TASK STATEMENT:
Please set down the lines of the listing exactly, from its first line to the line with "Multiplex Assay Kit", leaving the pictures out.

DATA BLOCK:
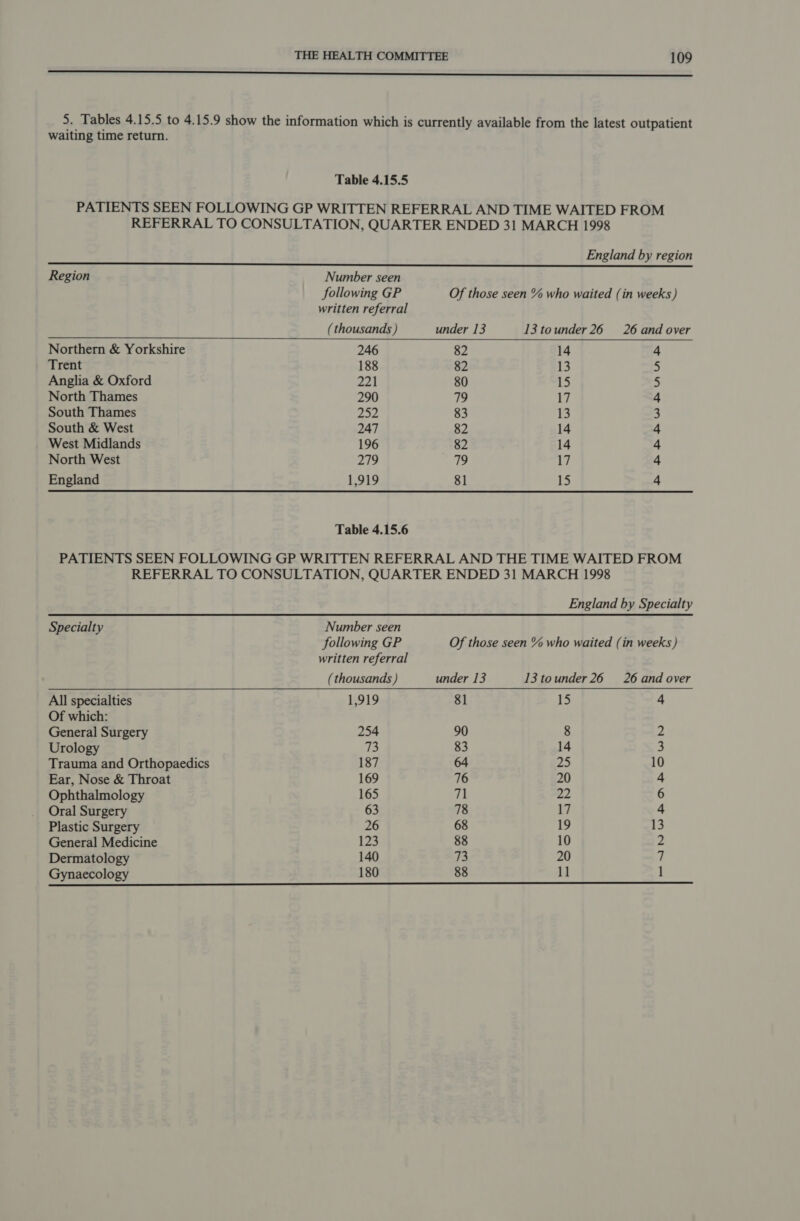 Se a 5. Tables 4.15.5 to 4.15.9 show the information which is currently available from the latest outpatient waiting time return. Table 4.15.5 PATIENTS SEEN FOLLOWING GP WRITTEN REFERRAL AND TIME WAITED FROM REFERRAL TO CONSULTATION, QUARTER ENDED 31 MARCH 1998 England by region Region Number seen following GP Of those seen % who waited (in weeks) written referral (thousands ) under 13 13 tounder 26 26 and over  Northern &amp; Yorkshire 246 82 14 4 Trent 188 82 13 5 Anglia &amp; Oxford 221 80 15 5 North Thames 290 79 17 4 South Thames 252 83 13 3 South &amp; West 247 82 14 4 West Midlands 196 82 14 4 North West 279 79 17 4 England 1,919 81 15 4 Table 4.15.6 PATIENTS SEEN FOLLOWING GP WRITTEN REFERRAL AND THE TIME WAITED FROM REFERRAL TO CONSULTATION, QUARTER ENDED 31 MARCH 1998 England by Specialty Specialty Number seen following GP Of those seen % who waited (in weeks ) written referral (thousands ) under 13 13 tounder26 26 and over  All specialties 1,919 81 15 4 Of which: General Surgery 254 90 8 f Urology 73 83 14 3 Trauma and Orthopaedics 187 64 25 10 Ear, Nose &amp; Throat 169 76 20 4 Ophthalmology 165 71 22 6 Oral Surgery 63 78 17 4 Plastic Surgery 26 68 19 13 General Medicine 123 88 10 2 Dermatology 140 73 20 7 Gynaecology 180 88 11 1 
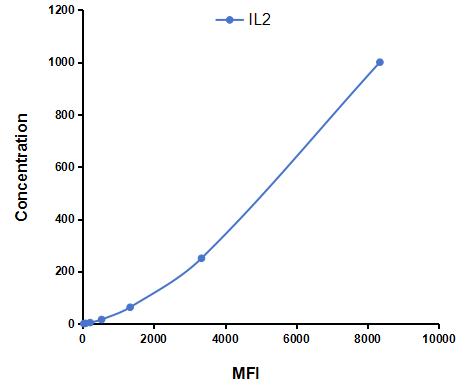 Multiplex Assay Kit for Interleukin 2 (IL2) ,etc. by CBA (Cytometric Bead Array)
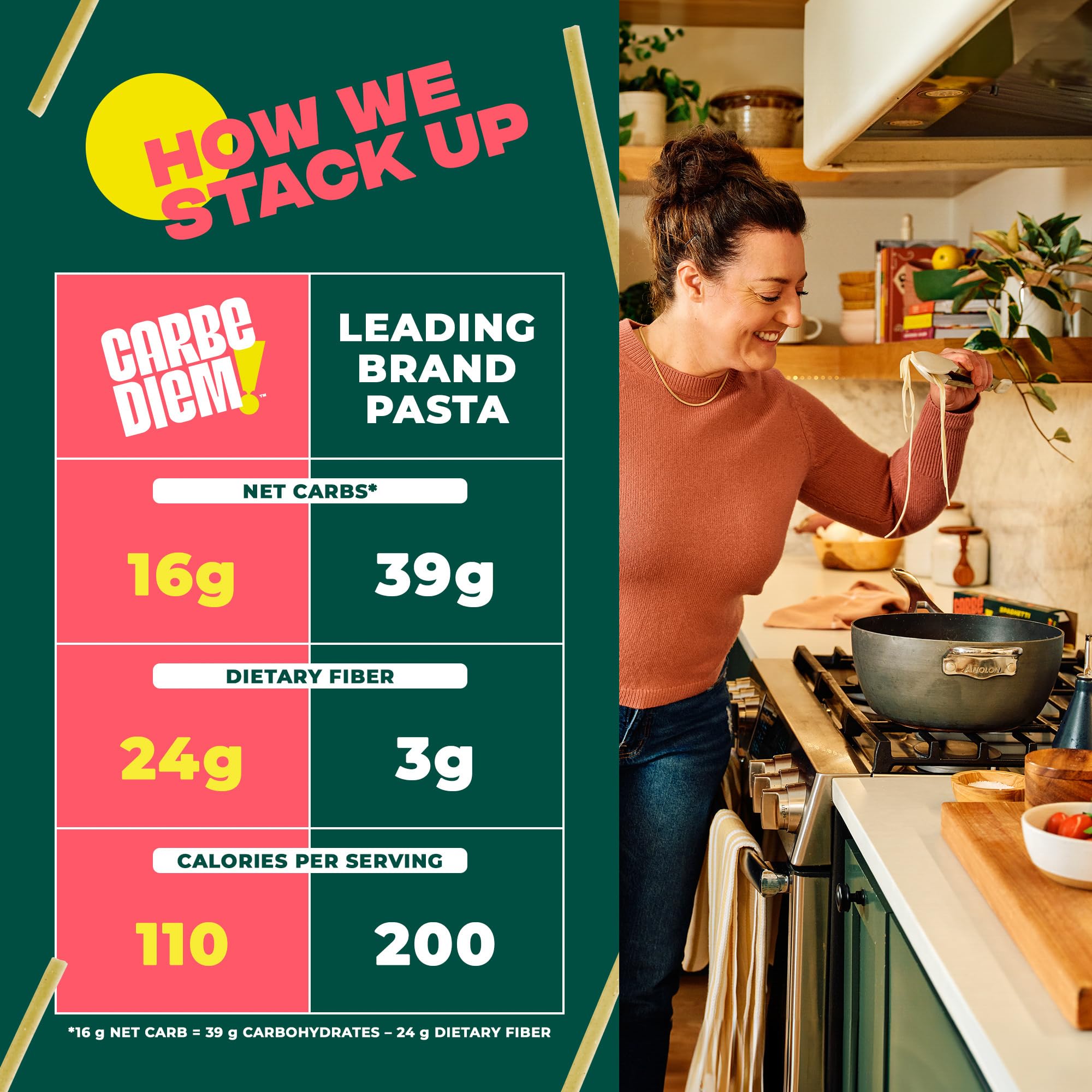 Carbe Diem!, Fettuccine, Lower Net Carb Pasta with Traditional Flavor & Texture, 8 grams of Protein, 55% Fewer Net Carbs & Only 110 Calories Per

ANSWER BOX:
 Se a 5. Tables 4.15.5 to 4.15.9 show the information which is currently available from the latest outpatient waiting time return. Table 4.15.5 PATIENTS SEEN FOLLOWING GP WRITTEN REFERRAL AND TIME WAITED FROM REFERRAL TO CONSULTATION, QUARTER ENDED 31 MARCH 1998 England by region Region Number seen following GP Of those seen % who waited (in weeks) written referral (thousands ) under 13 13 tounder 26 26 and over  Northern &amp; Yorkshire 246 82 14 4 Trent 188 82 13 5 Anglia &amp; Oxford 221 80 15 5 North Thames 290 79 17 4 South Thames 252 83 13 3 South &amp; West 247 82 14 4 West Midlands 196 82 14 4 North West 279 79 17 4 England 1,919 81 15 4 Table 4.15.6 PATIENTS SEEN FOLLOWING GP WRITTEN REFERRAL AND THE TIME WAITED FROM REFERRAL TO CONSULTATION, QUARTER ENDED 31 MARCH 1998 England by Specialty Specialty Number seen following GP Of those seen % who waited (in weeks ) written referral (thousands ) under 13 13 tounder26 26 and over  All specialties 1,919 81 15 4 Of which: General Surgery 254 90 8 f Urology 73 83 14 3 Trauma and Orthopaedics 187 64 25 10 Ear, Nose &amp; Throat 169 76 20 4 Ophthalmology 165 71 22 6 Oral Surgery 63 78 17 4 Plastic Surgery 26 68 19 13 General Medicine 123 88 10 2 Dermatology 140 73 20 7 Gynaecology 180 88 11 1 
 Multiplex Assay Kit for Interleukin 2 (IL2) ,etc. by CBA (Cytometric Bead Array)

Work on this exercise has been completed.